Yes unfortunately the boat fund is always the first one to get tapped into...

The mini rip is pretty sweet though. I've never been out in a Gheenoe but I imagine they ride similarly. The first time I took it out it was just me in it so it started to bounce a little up front even with the motor trimmed completely down. I added two 5 gallon water sacks up under the front platform which added somewhere between 80-100 lbs and has helped it ride better ever since. I haven't been out in her nearly enough since I bought it but once day light savings hits and we have some afternoon flood tides, I'll be able to get out in her more often during the work week.

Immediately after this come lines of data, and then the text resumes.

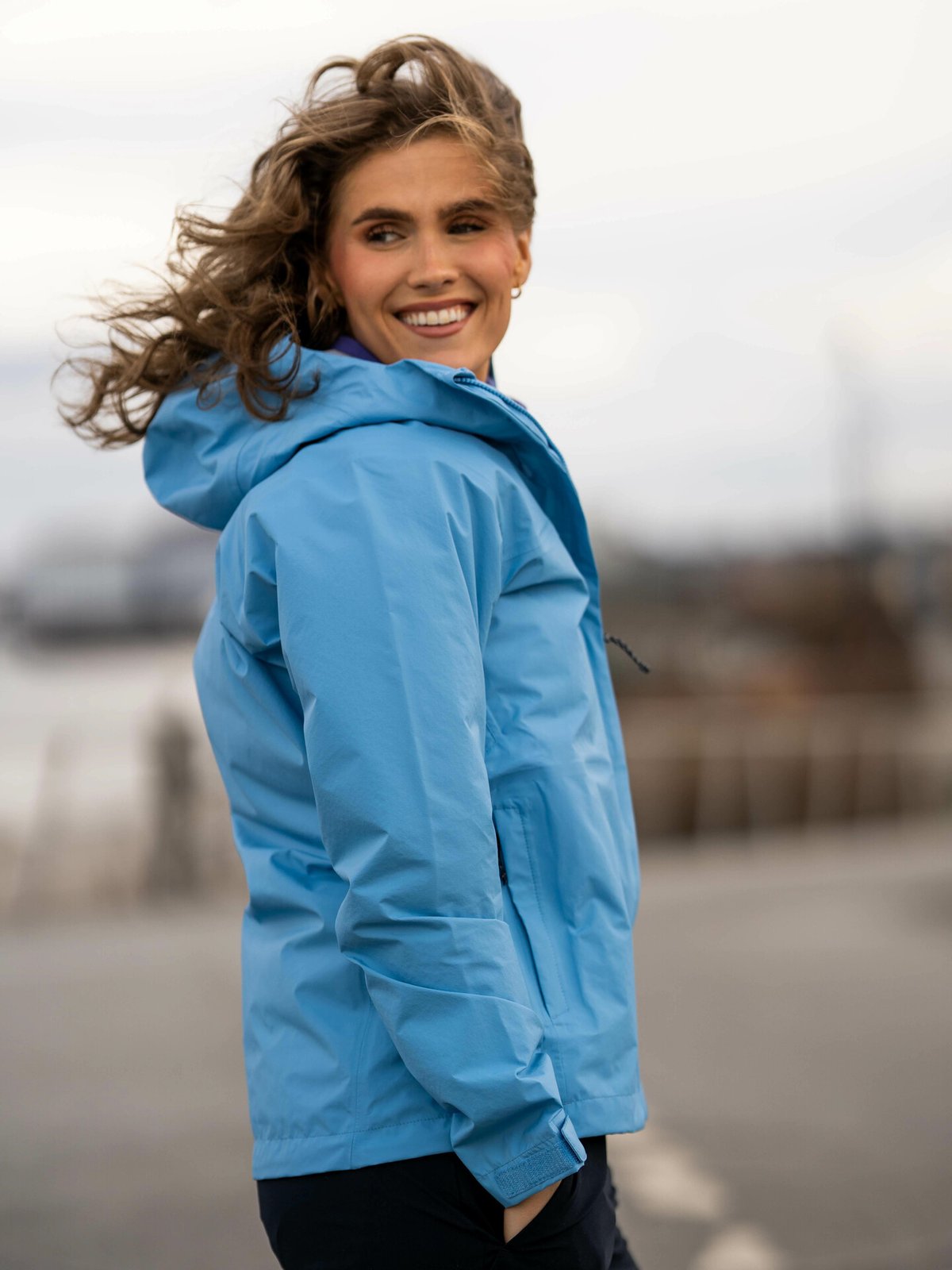 Patagonia Torrentshell 3L Jacket Lago Blue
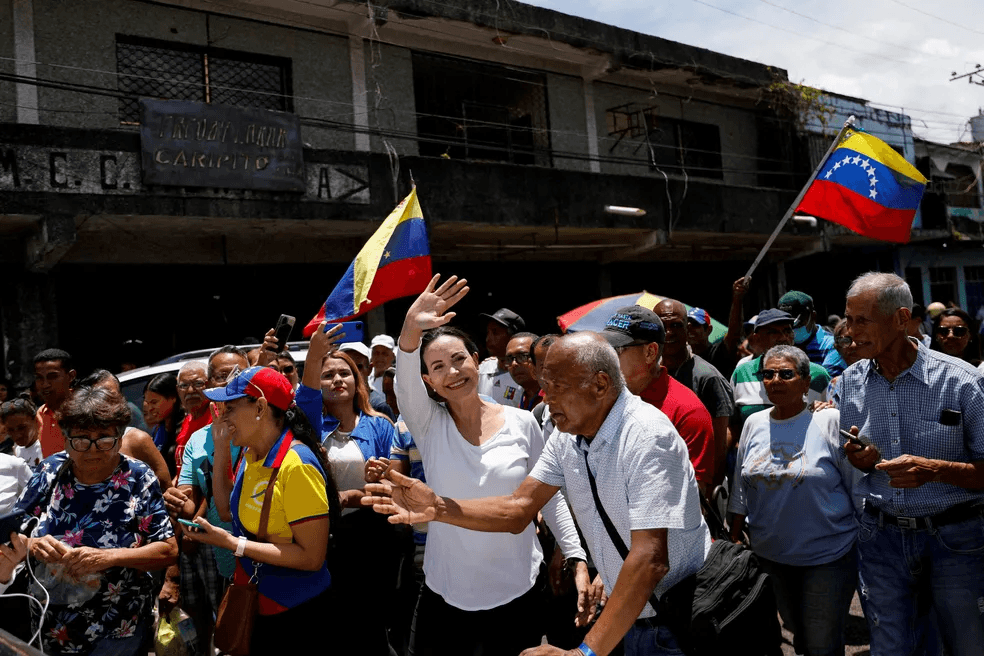 Ditadura da Venezuela segue modelo da Nicarágua e inabilita candidatos opositores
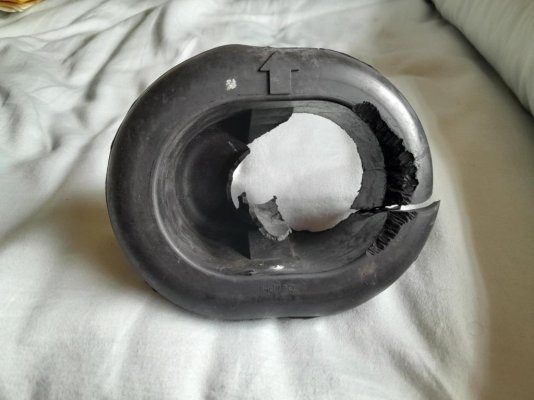 grommet1.jpg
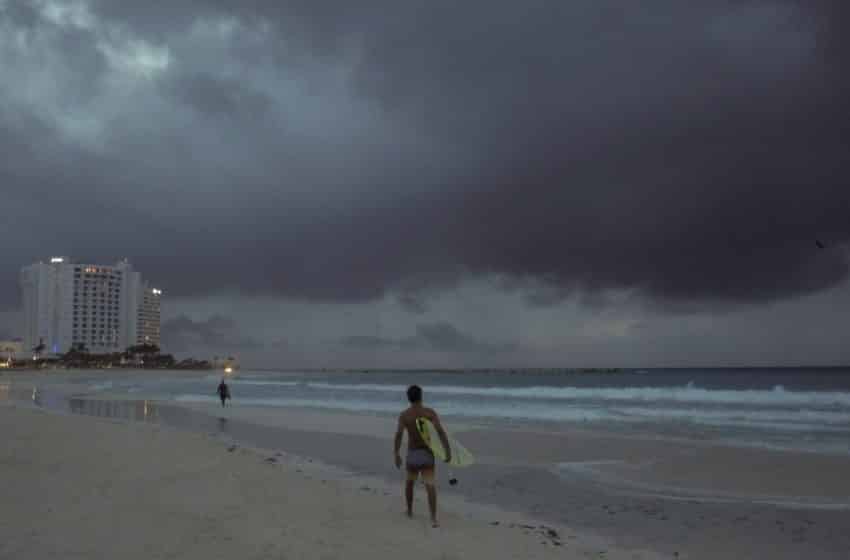 Hurricane Zeta hits southeast Mexico, slings speedy wind and rain at Delta-hit Cancun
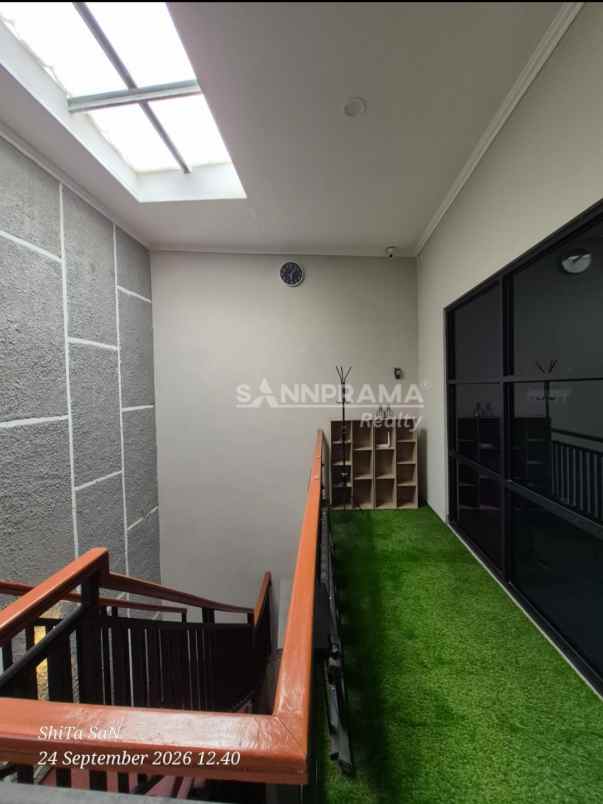 rumah cantik siap huni di pancoran mas akses motor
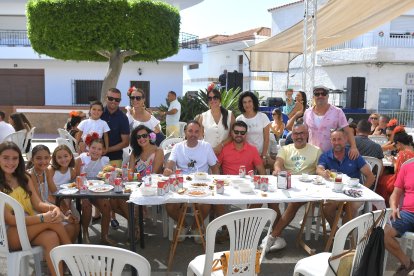 El alcalde de Antas Pedro Ridao, junto a familiares y amigos en las fiestas de su pueblo.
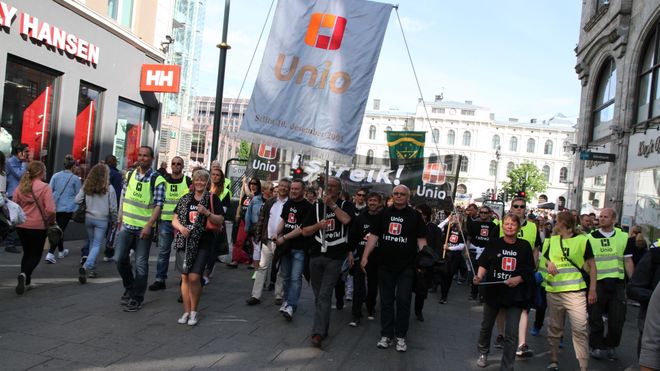 Unio tar ut rundt 400 politiansatte hvis det blir streik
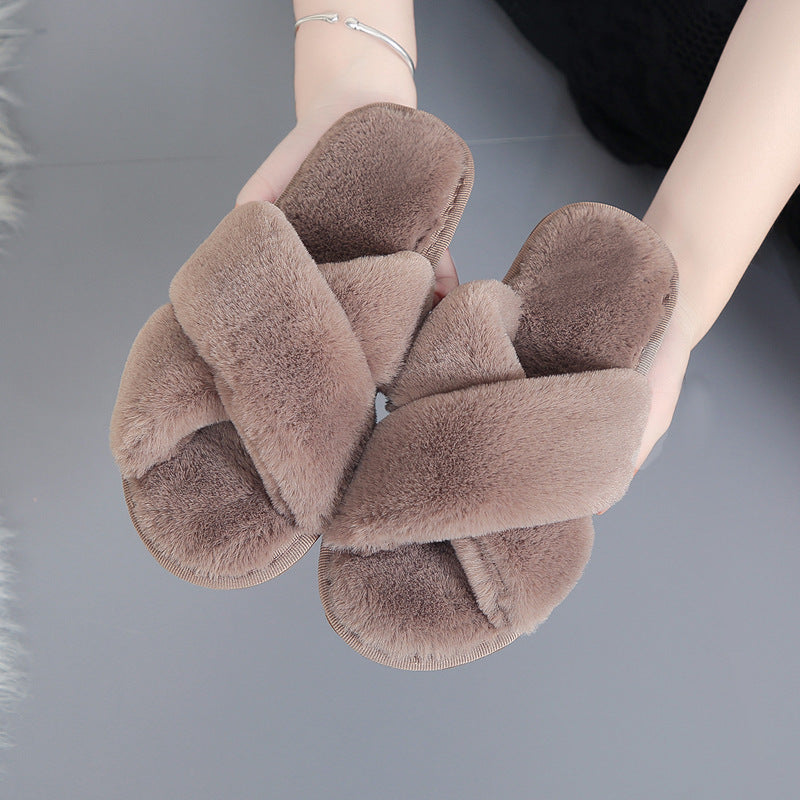 Pantofole in peluche morbido per il comfort quotidiano | Mira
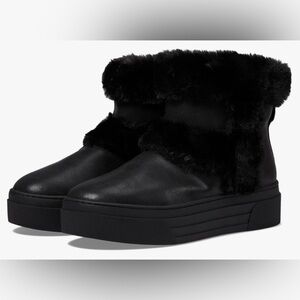 Steve Madden Girl's Bunny (Big Kid) Size 5 NEW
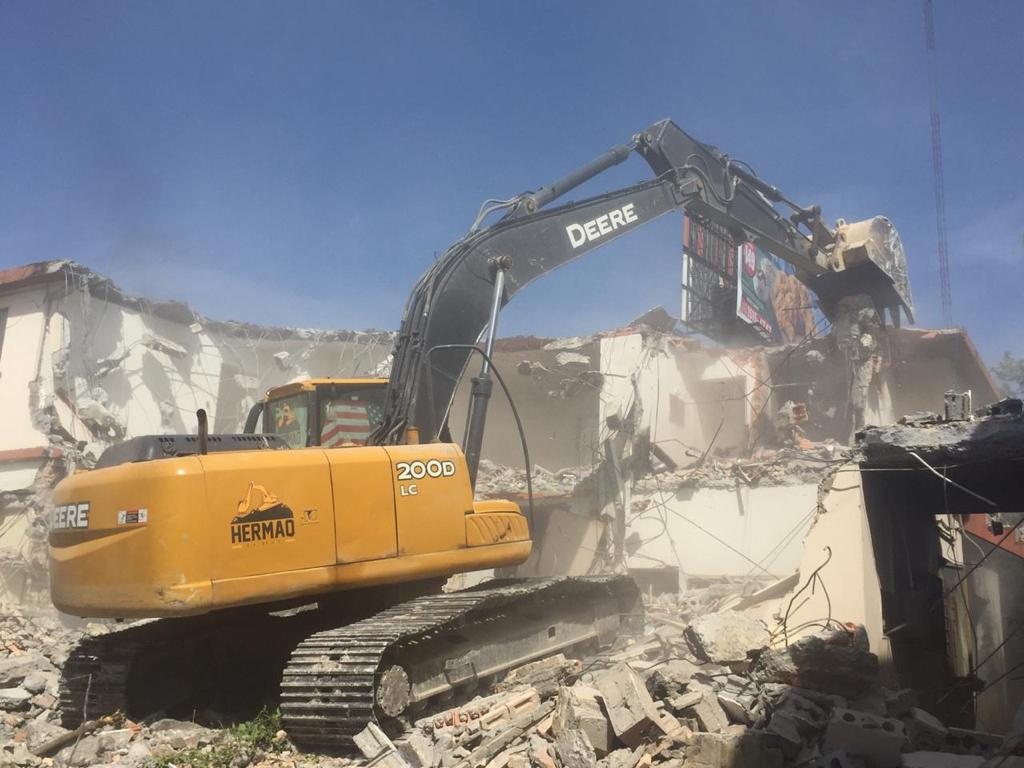 Demolición controlada CIMTRA con excavadora y martillo hidráulico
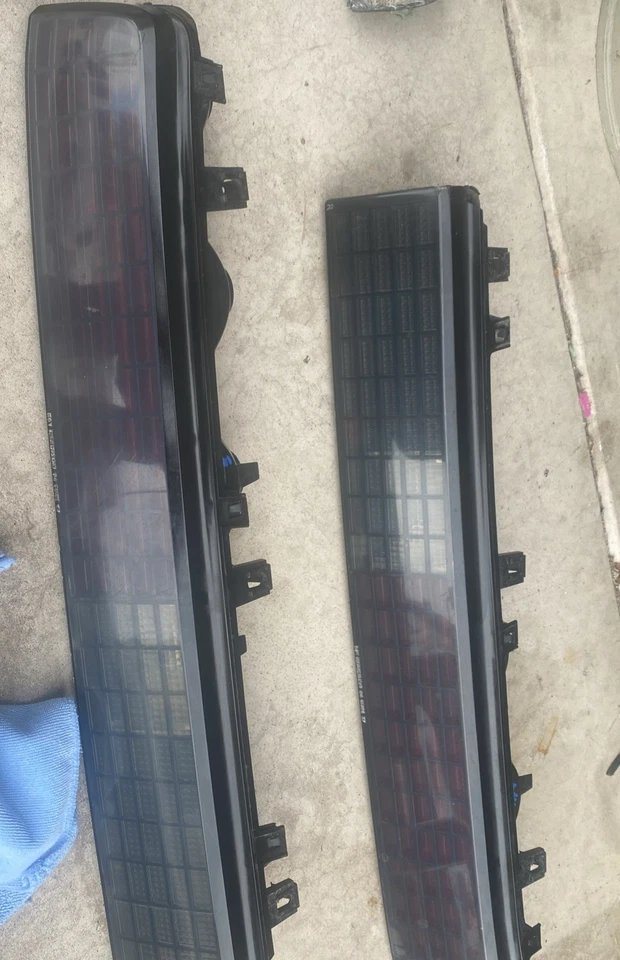 Par de luces traseras izquierda y derecha Pontiac Fiero GT 1984-1988 OEM  Foto 4 de 4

She does pole around some very skinny water though so that is definitely a plus!


----------



## Tankhead (Aug 28, 2015)

Hows the Rip Tide treating you so far? What type of push pole holders are you using on your Mini Rip?


----------



## mgshinall (Feb 18, 2015)

It's a pretty sweet little rig. Damn near impossible to get stuck. 

I'm using a Superstick telescopic push pole. If you google them they will show the storage clips that they come with. I just drilled a couple holes on the rub rail and mounted them there. Hard to beat for $200.


----------



## SC on the FLY (Sep 16, 2015)

Not related to the rod holders but a transom wedge might take some of the bounce out of it with neg trim


----------